11.1 Hernieuwbare energie

Doelstellingen hernieuwbare energie

Er bestaat internationaal brede overeenstemming over de wenselijkheid om de negatieve effecten van menselijke activiteiten op het klimaat te beperken door de emissie van broeikasgassen zoals CO2 aan banden te leggen. In de Europese Unie is het lange termijn doel om in 2050 de broeikasgasemissies met 80% te verlagen en zoveel mogelijk gebruik te maken van duurzame bronnen voor onze energiebehoefte.
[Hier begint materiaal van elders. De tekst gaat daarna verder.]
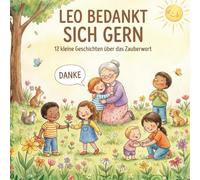 Leo bedankt sich gern!: Was wir mit einem "Danke" bewirken können (So werde ich stark!)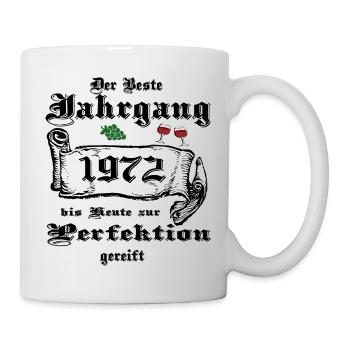 Bester Jahrgang 1972 Heute zur Perfektion gereift - Tasse - Weiß - Rechts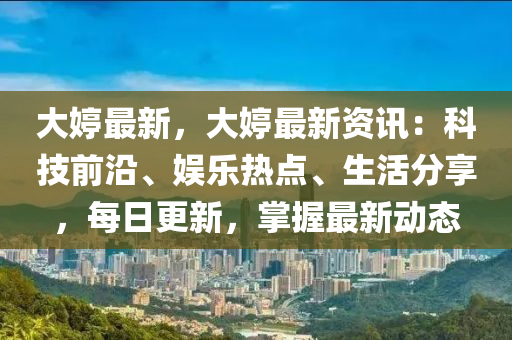 大婷最新，大婷最新资讯：科技前沿、娱乐热点、生活分享，每日更新，掌握最新动态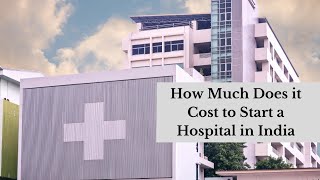 How much does it cost to start a hospital in india [upl. by Hewitt117]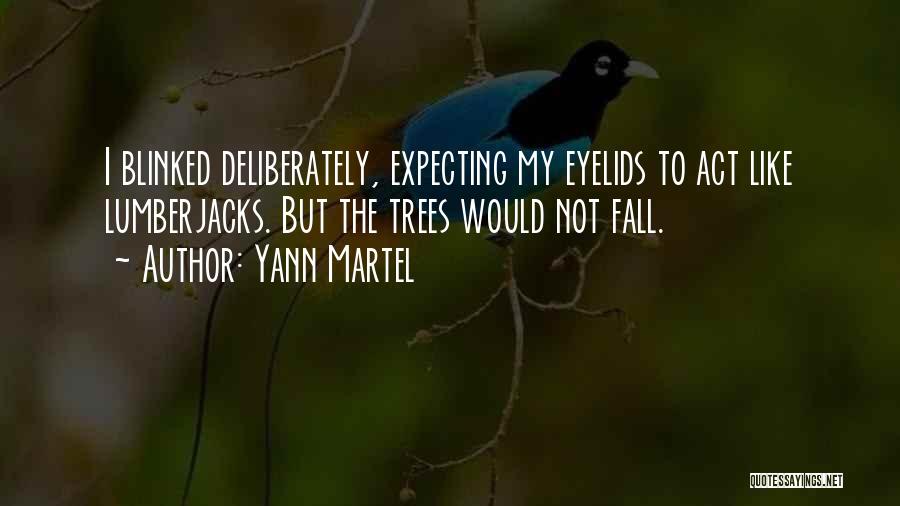 Yann Martel Quotes: I Blinked Deliberately, Expecting My Eyelids To Act Like Lumberjacks. But The Trees Would Not Fall.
Voor de middellange termijn voor het jaar 2020 heeft de EU de bekende 20-20-20 doelstelling: 20% energiebesparing, 20% minder CO2 uitstoot en 20% energie opwekking uit duurzame hernieuwbare bronnen.

Voor de laatste target (hernieuwbare energie) is er een differentiatie gemaakt tussen de lidstaten, en zijn er verschillende nationale targets opgesteld per lidstaat. Voor Nederland is die bv 14%, voor België 13%. Andere landen zoals Zweden (49%), Letland (40%), Finland (38%) of Oostenrijk (34%) hebben veel hogere targets.
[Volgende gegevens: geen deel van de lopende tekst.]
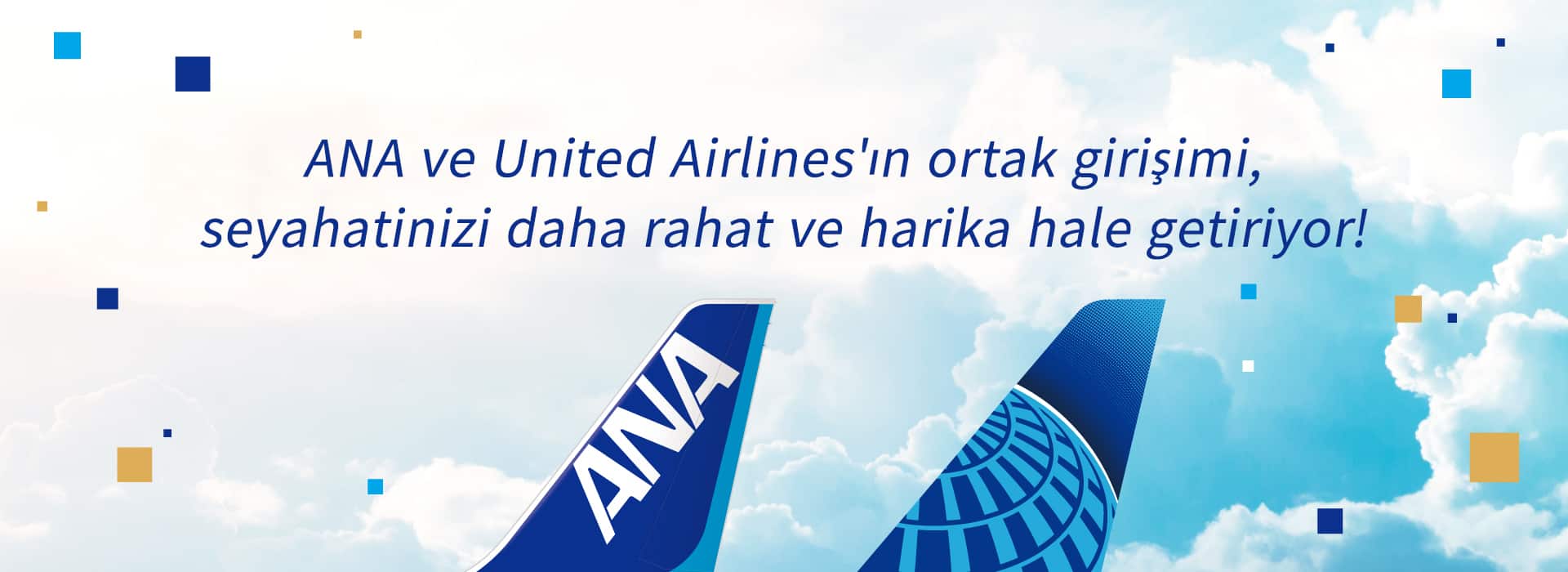 ANA ve United Airlines'ın ortak girişimi, seyahatinizi daha rahat ve harika hale getiriyor!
Over het geheel genomen is het aandeel hernieuwbare energie in de EU in de laatste jaren toegenomen van 8.5% in 2005 naar 12,7% in 2010.  Voor Nederland en België lag het aandeel in 2010 respectievelijk op 3,8% en 5,4%. Beide landen hebben dus nog een hele weg af te leggen voor hun 2020 doelstelling.

Windmolens en zonnepanelen?

In de publieke opinie lijkt het bij de opwekking van duurzame energie te gaan om windmolens en zonnepanelen. De laatste jaren is het gebruik van PV-panelen voor de opwekking van huishoudelijk en kleinzakelijk verbruik spectaculair toegenomen, vooral in België. Op lange termijn zal zonne-energie ongetwijfeld een belangrijke rol gaan spelen, maar op dit moment is de hoeveelheid energie opgewekt door zonne-energie (in de vorm van PV en zonneboilers) beperkt. De beeldvorming is zonniger dan de opgewekte verwachting. Ook moet je rekenen dat energie niet enkel over elektriciteit gaat, maar ook over warmteproductie en transportbrandstoffen.

Figuur: verdeling hernieuwbare energiebronnen in België en Nederland (bron: Ecofys, 2012)

De grootste hernieuwbare energiebron momenteel is de energie die wordt gewonnen uit biomassa. In Nederland (2010) is 75% van de hernieuwbare energie afkomstig uit biomassa, in België zelfs 87%. In de gepubliceerde actieplannen rond hernieuwbare energie (NREAPs) blijft biomassa een vooraanstaande rol spelen.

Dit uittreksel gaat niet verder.